Task requirements =
For every line below, output the text exactly and leave out images.

──────── Source material

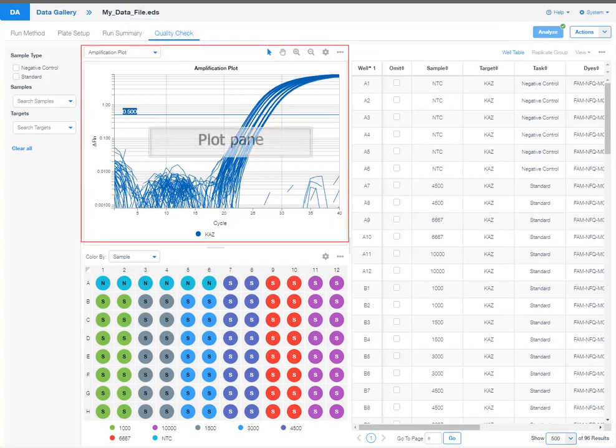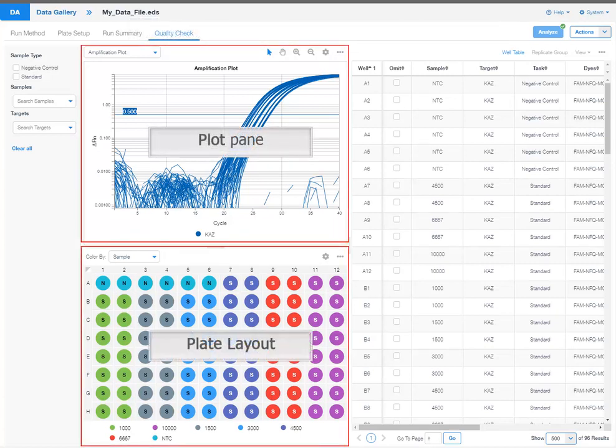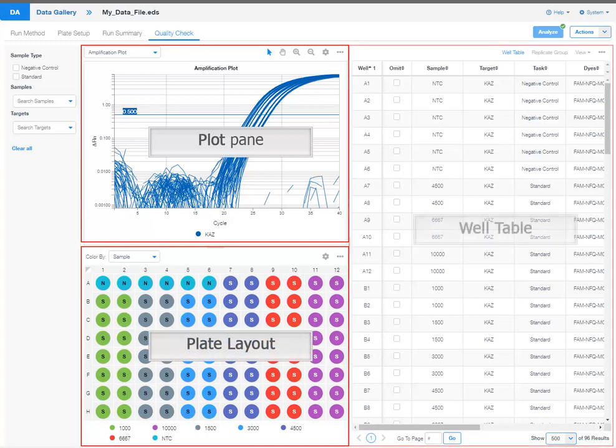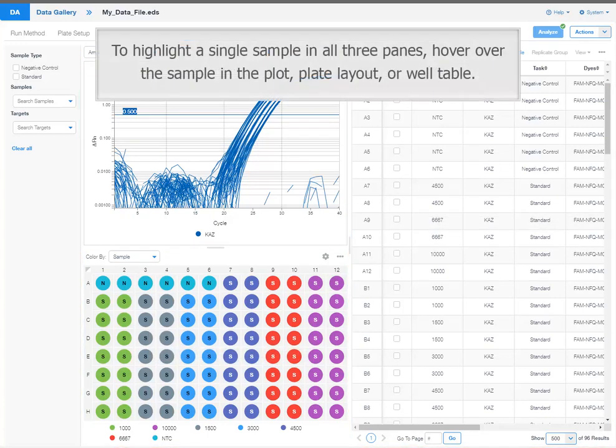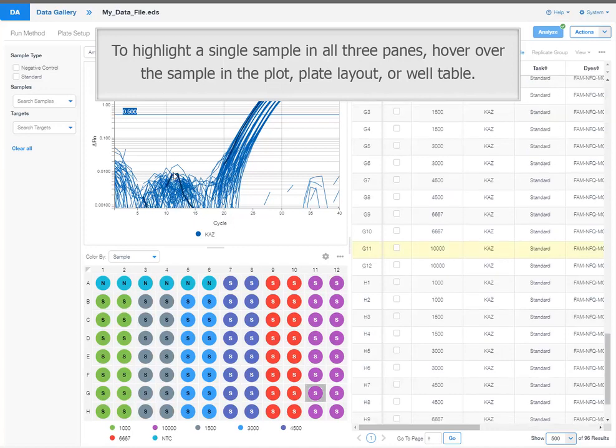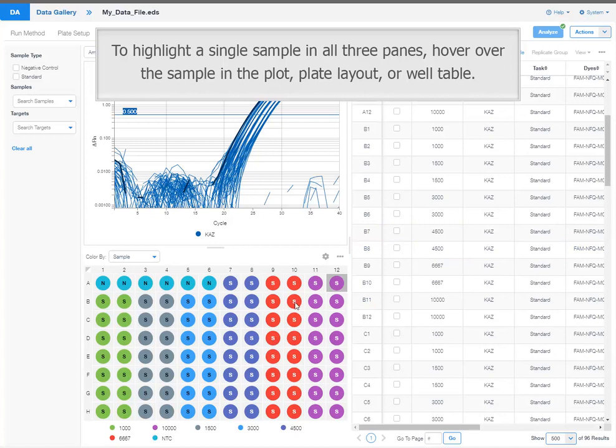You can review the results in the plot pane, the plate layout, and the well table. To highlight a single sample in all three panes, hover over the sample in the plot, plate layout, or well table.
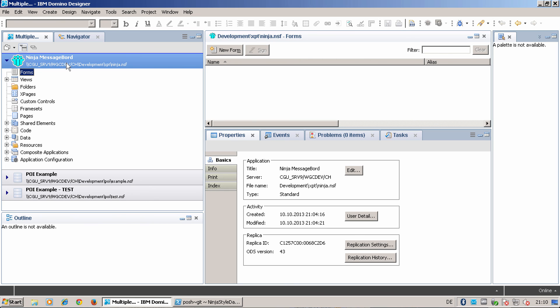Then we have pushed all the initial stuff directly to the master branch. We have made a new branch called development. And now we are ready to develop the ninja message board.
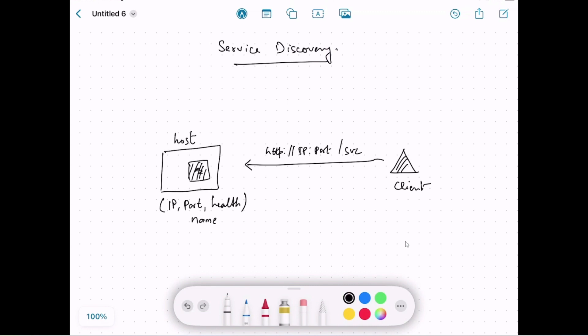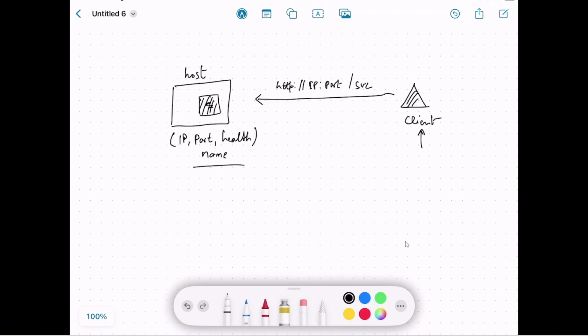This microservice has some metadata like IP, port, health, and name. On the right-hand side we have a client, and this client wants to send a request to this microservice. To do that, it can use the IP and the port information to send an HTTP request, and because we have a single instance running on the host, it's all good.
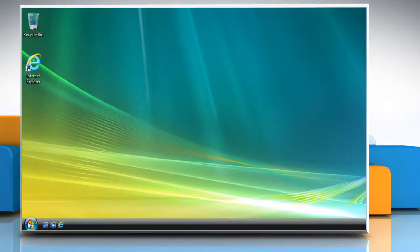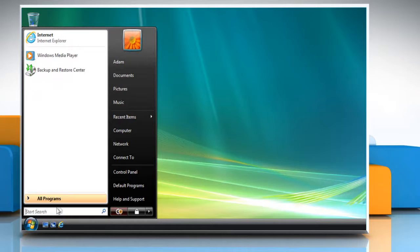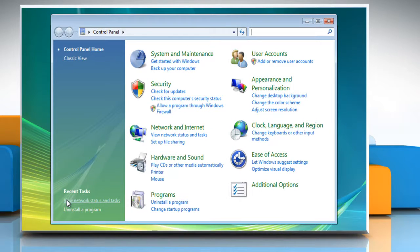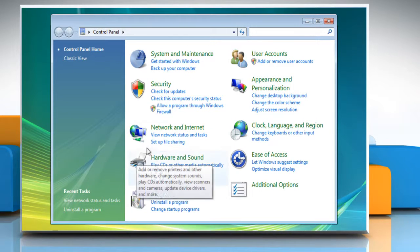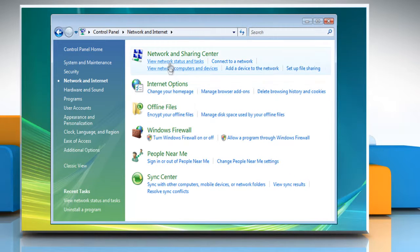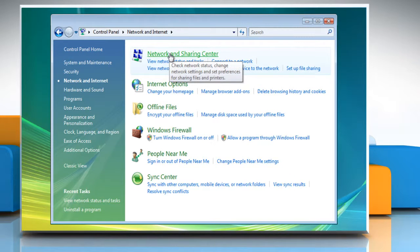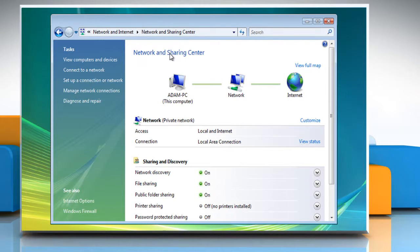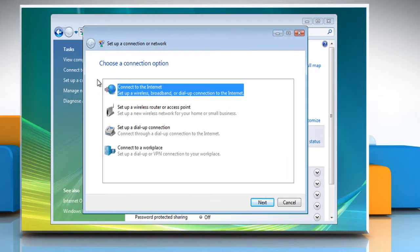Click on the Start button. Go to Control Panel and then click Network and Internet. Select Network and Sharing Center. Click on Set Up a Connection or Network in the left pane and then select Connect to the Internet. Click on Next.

────────────────

The completed task =
You can review the results in the plot pane, the plate layout, and the well table. To highlight a single sample in all three panes, hover over the sample in the plot, plate layout, or well table.
Then we have pushed all the initial stuff directly to the master branch. We have made a new branch called development. And now we are ready to develop the ninja message board.
This microservice has some metadata like IP, port, health, and name. On the right-hand side we have a client, and this client wants to send a request to this microservice. To do that, it can use the IP and the port information to send an HTTP request, and because we have a single instance running on the host, it's all good.
Click on the Start button. Go to Control Panel and then click Network and Internet. Select Network and Sharing Center. Click on Set Up a Connection or Network in the left pane and then select Connect to the Internet. Click on Next.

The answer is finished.